● 19 ●

1.1K 112 47
                                    

Okej, muszę przyznać bez bicia, że namówienie kampanii na wyjazd z Europy wiele mnie kosztowało. W pewnym momencie miałam ochotę sama zwinąć jakieś latające cacko i wybrać się w odwiedziny Czarnej Pantery.

Znajdując się z największymi marudami na małej przestrzeni, co jakiś czas miałam ochotę przyłożyć w twarz najbliżej znajdującej się osobie. Nie liczyłam, ile razy w przeciągu paru godzin usłyszałam, że marnujemy czas i podróż jest bez sensu.

Całe szczęście moja cierpliwość przetrwała tę ciężką próbę i kiedy wyskoczyłam z samolotu, miałam ochotę ucałować ziemię.

Jako pierwszy na przywitanie wyszedł nam T'Challa, z którym przywitałam się krótkim uściskiem i promiennym uśmiechem, następnie wymieniłam skienienie głowy z królową, a Shuri przybiła mi piątkę. Doskonale zdawałam sobie sprawę z tego, że moje poczynania są bacznie obserwowane przez resztę grupy, jednak kiedy zauważyłam Barnes'a, wszystko przestało mieć znaczenie.

Ruszyłam w jego stronę, uśmiechając się jeszcze szerzej. Naprawdę cieszyłam się, że w końcu do niego wróciłam, mimo upływu zaledwie paru dni, stęskniłam się niemiłosiernie.

— James — mruknęłam jedynie w jego ramię, ufnie wtulając się w jego tors. Poczułam jego silne ramiona, oplatające moje ciało i, muszę przyznać, poczułam się jak w siódmym niebie.

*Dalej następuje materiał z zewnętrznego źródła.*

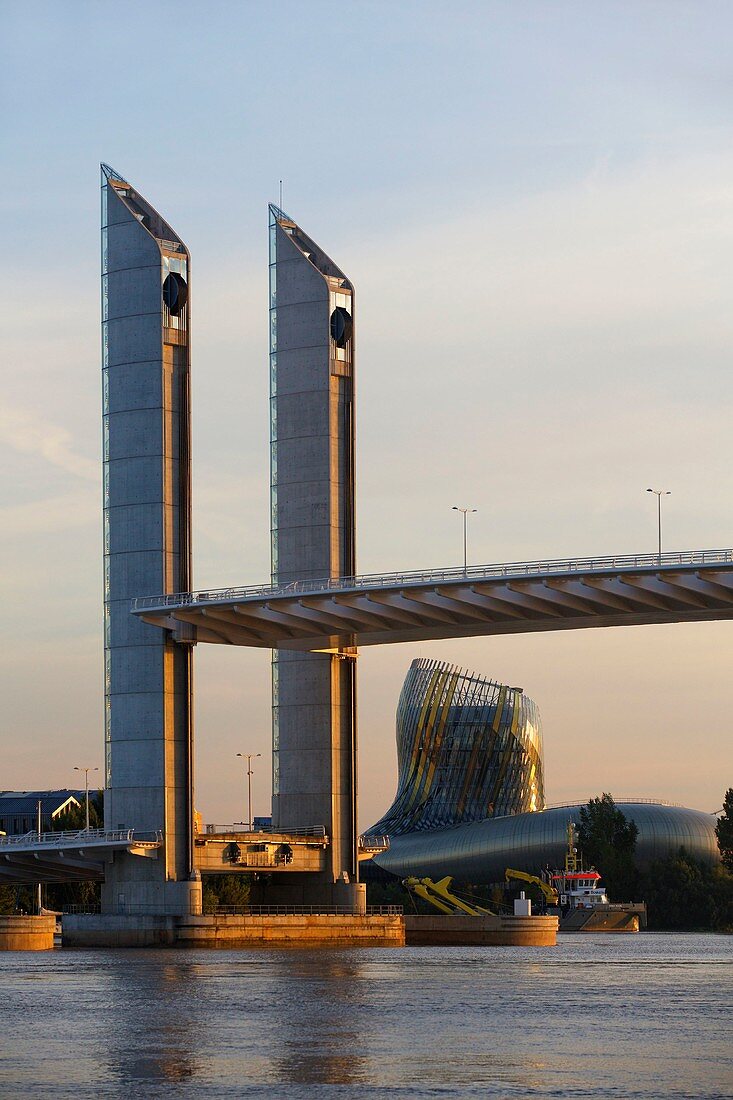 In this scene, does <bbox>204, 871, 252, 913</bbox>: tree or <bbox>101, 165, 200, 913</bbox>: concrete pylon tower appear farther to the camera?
<bbox>204, 871, 252, 913</bbox>: tree

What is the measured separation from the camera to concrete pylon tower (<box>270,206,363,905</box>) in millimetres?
88812

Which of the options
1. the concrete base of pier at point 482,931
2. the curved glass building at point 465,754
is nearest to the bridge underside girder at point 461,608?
the concrete base of pier at point 482,931

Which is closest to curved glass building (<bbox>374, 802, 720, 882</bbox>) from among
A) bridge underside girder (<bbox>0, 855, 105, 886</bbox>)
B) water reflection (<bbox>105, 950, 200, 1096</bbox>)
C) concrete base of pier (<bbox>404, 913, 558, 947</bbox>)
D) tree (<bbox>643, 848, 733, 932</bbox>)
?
tree (<bbox>643, 848, 733, 932</bbox>)

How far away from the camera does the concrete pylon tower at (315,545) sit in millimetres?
88812

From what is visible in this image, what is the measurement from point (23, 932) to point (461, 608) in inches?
986

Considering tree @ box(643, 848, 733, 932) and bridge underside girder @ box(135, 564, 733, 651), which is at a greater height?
bridge underside girder @ box(135, 564, 733, 651)

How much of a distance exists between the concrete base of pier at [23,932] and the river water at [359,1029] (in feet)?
51.2

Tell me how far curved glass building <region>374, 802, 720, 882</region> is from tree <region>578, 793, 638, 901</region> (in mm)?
15483

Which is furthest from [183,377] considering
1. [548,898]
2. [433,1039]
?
[548,898]

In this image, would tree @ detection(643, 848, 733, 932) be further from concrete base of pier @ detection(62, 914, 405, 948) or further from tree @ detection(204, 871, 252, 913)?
concrete base of pier @ detection(62, 914, 405, 948)

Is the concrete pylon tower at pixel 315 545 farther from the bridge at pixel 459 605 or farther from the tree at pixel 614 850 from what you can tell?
the tree at pixel 614 850

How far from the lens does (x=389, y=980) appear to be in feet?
189

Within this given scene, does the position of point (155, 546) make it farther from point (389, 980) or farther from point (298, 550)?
point (389, 980)

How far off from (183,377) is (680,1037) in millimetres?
50700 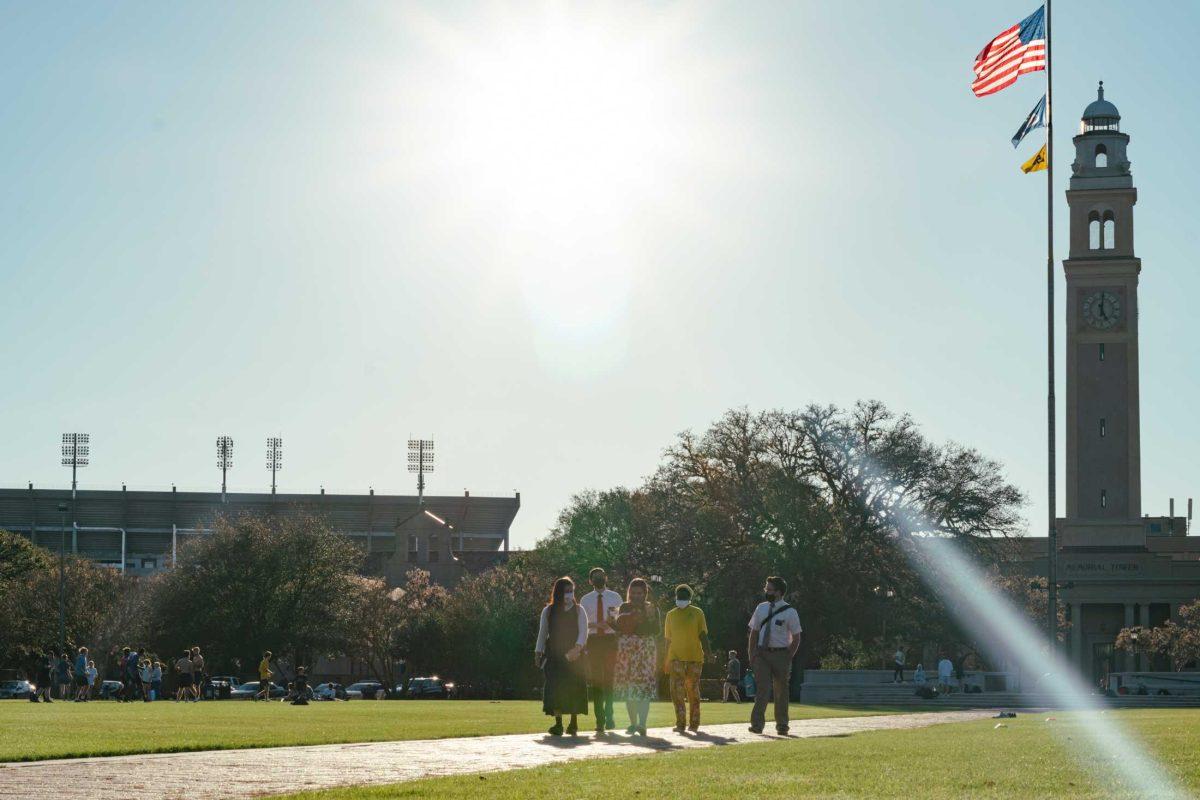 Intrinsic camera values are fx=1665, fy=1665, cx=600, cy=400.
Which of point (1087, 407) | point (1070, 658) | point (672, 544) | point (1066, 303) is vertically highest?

— Przysięgam, na kolejną wycieczkę zabierasz mnie że sobą i nie przyjmuję żadnych wymówek — odparł, składając czuły pocałunek na mojej skroni.

W oddali słyszałam jak grupa Avengers wita się z członkami rodziny królewskiej, a kiedy odnaleźli wzrokiem naszą dwójkę, z ust Steve'a wydobyło się jakże inteligentne stwierdzenie:

— O, Bucky i Eli? A wy tak razem to długo?

James wyprostował plecy, napinając mięśnie, jakby będąc gotowym do ataku. Pogładziłam uspokajająco jego ramię, wiedząc, że nie czuł się zbyt komfortowo w tej sytuacji. Zapewne nie był do końca przygotowany na przybycie Steve'a.

— Spokojnie — oznajmiłam cicho, stając na palcach, by sięgnąć do jego ucha. — Przywitaj się z nim, James. Stęsknił się za tobą — dodałam, widząc zawahanie na jego twarzy.

Wyplątałam się z jego uścisku, dając przestrzeń. Z rosnącym uśmiechem na twarzy, patrzyłam, jak wita się z przyjacielem. Widziałam, że poczuł się dzięki temu lżej. 

— Jak tam, Buck? — Kapitan podszedł bliżej, klepiąc go po plecach.

— Nieźle. Jak na koniec świata — odparł brunet, uśmiechając się szeroko.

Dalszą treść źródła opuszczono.